方法:認知症発症に対する治療効果を評価するために、マルチレベルロジスティック回帰を使用した。年齢、ベースラインの収縮期血圧、性別、脳卒中既往の有無などの主要な集団特性について、効果修飾を評価した。認知症のリスクに対する薬物療法と収縮期および拡張期血圧の変化の寄与を定量化するために、媒介分析(Mediation analysis)が使用された。
結果:対象は20ヵ国から集められた28,008例である。中央値4.3年の追跡の後、861例に認知症の発症があった。多段階ロジスティック回帰では、降圧治療が平均10/4mmHgの降圧で認知症発症リスクを減少させるという、調整オッズ比 0.87(95%信頼区間 0.75〜0.99)が報告された。さらに、死亡を競合リスクとして考慮した多項式回帰でも同様の結果が得られた。年齢や性別による効果の修飾はみられなかった。媒介分析では、積極的な治療を受けた群では、より大きな血圧低下が認知症リスクの低減と関連していることが確認された。
結論:ランダム化二重盲検プラセボ対照臨床試験から得られた初の一段階個別患者データメタ解析は、認知症リスクを低下させる人生の中盤から後期における降圧治療の有益性を支持するエビデンスを提供するものである。すでに高血圧が充分にコントロールされている患者におけるさらなる血圧低下の可能性、および認知症の長期的なリスクを低減するために生涯の早い時期に開始される降圧治療の可能性については、疑問が残っている。

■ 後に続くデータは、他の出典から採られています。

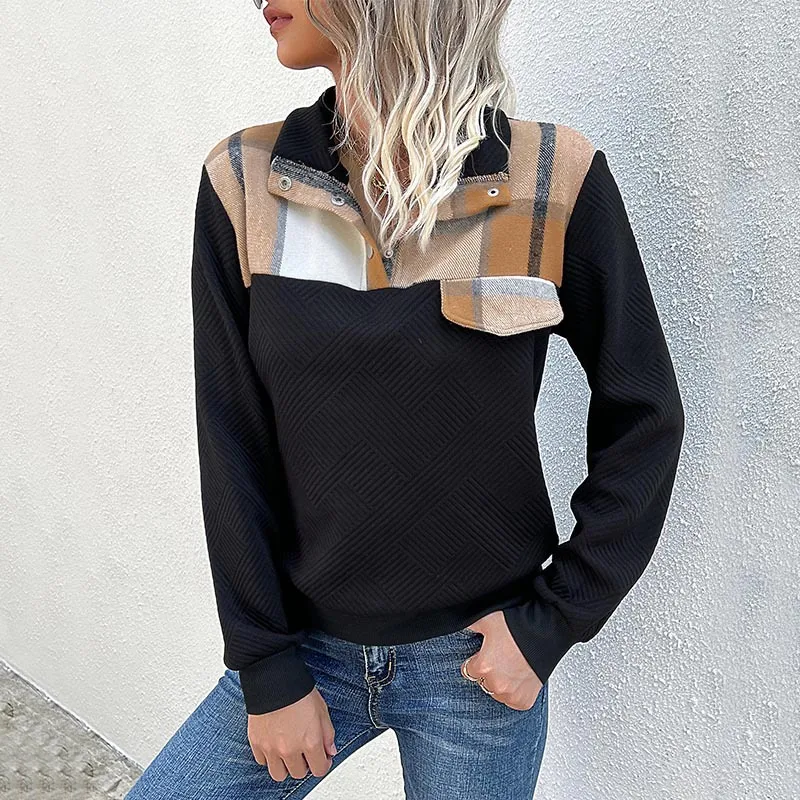 Damen Vintage Pullover mit Stehkragen und Farbkontrast, ein stilvoller Klassiker für einen modischen Retro-Look. Bequem und elegant. — foto 4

エビデンスの分類:降圧治療がプラセボと比較して認知症発症リスクを減少させることを支持するクラスIのエビデンス
キーワード:血圧、臨床試験、認知、認知症、高血圧、メタ解析
引用文献
Blood pressure lowering and prevention of dementia: an individual patient data meta-analysis
Ruth Peters et al. PMID: 36282295 DOI: 10.1093/eurheartj/ehac584
Eur Heart J. 2022 Oct 25;ehac584. doi: 10.1093/eurheartj/ehac584. Online ahead of print.